Kindness City Blog
17 Aug 2021

Reading: Race, Gender, Tech.

Some things I read about recently…

Not being an attrition statistic

I really enjoyed reading Julie Pagano's 2016 guide to not being an attrition statistic if you're in a marginalised or under-represented group.

Lots of great harm-reduction stuff in here. Well worth a read if you're in a marginalised or under-represented group, since it might help. Definitely worth a read if you're in the majority group, since it'll help you empathise-with and help others.

Going back to the office

We spent some time on our team today talking about this NYT In Her Words article.

I thought it was striking that Julie Pagano suggested considering remote work as a harm-reduction strategy in 2016, and now we have large numbers of non-white women with a preference for staying remote.

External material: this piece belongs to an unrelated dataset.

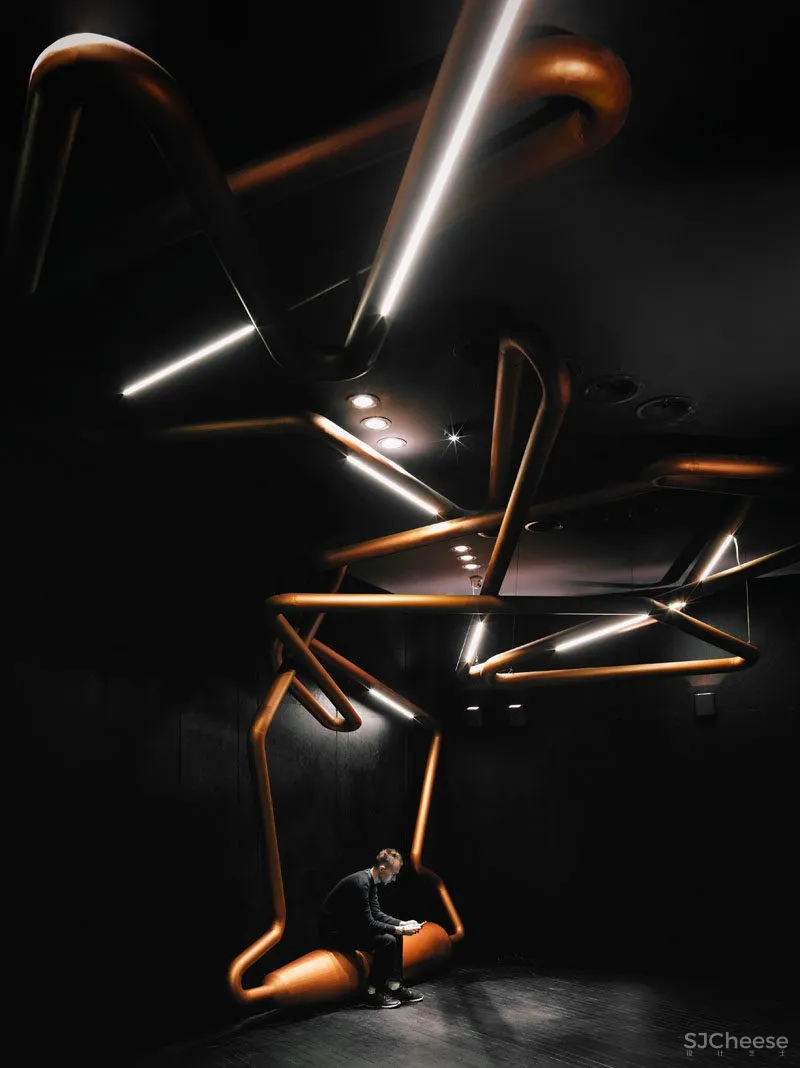 上海：电影院到处都是缠在一起的铜管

The Battle of Bamber Bridge

A colleage shared a link to this wikipedia page. I hadn't heard about this event before, and it's one of those things that almost defies belief:

The Battle of Bamber Bridge was an outbreak of racial violence between Black and White American servicemen stationed in the British village of Bamber Bridge, Lancashire in June 1943. The incident, which occurred a few days after the 1943 Detroit race riot, was started when white Military Police (MPs) attempted to arrest several African American soldiers from the racially segregated 1511th Quartermaster Truck Regiment at the Ye Olde Hob Inn public house in Bamber Bridge.

After the arrival of more military police armed with machine guns, Black soldiers armed themselves with rifles from their base armoury. Both sides exchanged fire through the night. One Black soldier was killed and several MPs and soldiers injured. Although a court martial convicted 32 African American soldiers of mutiny and related crimes, poor leadership and racist attitudes among the MPs was blamed as the cause.

The whole page is well worth reading.

For me (a white brit), I felt like I saw two different examples of locals trying to be allies to the Black US soldiers. I think one example worked well, and the other caused great unintended harm.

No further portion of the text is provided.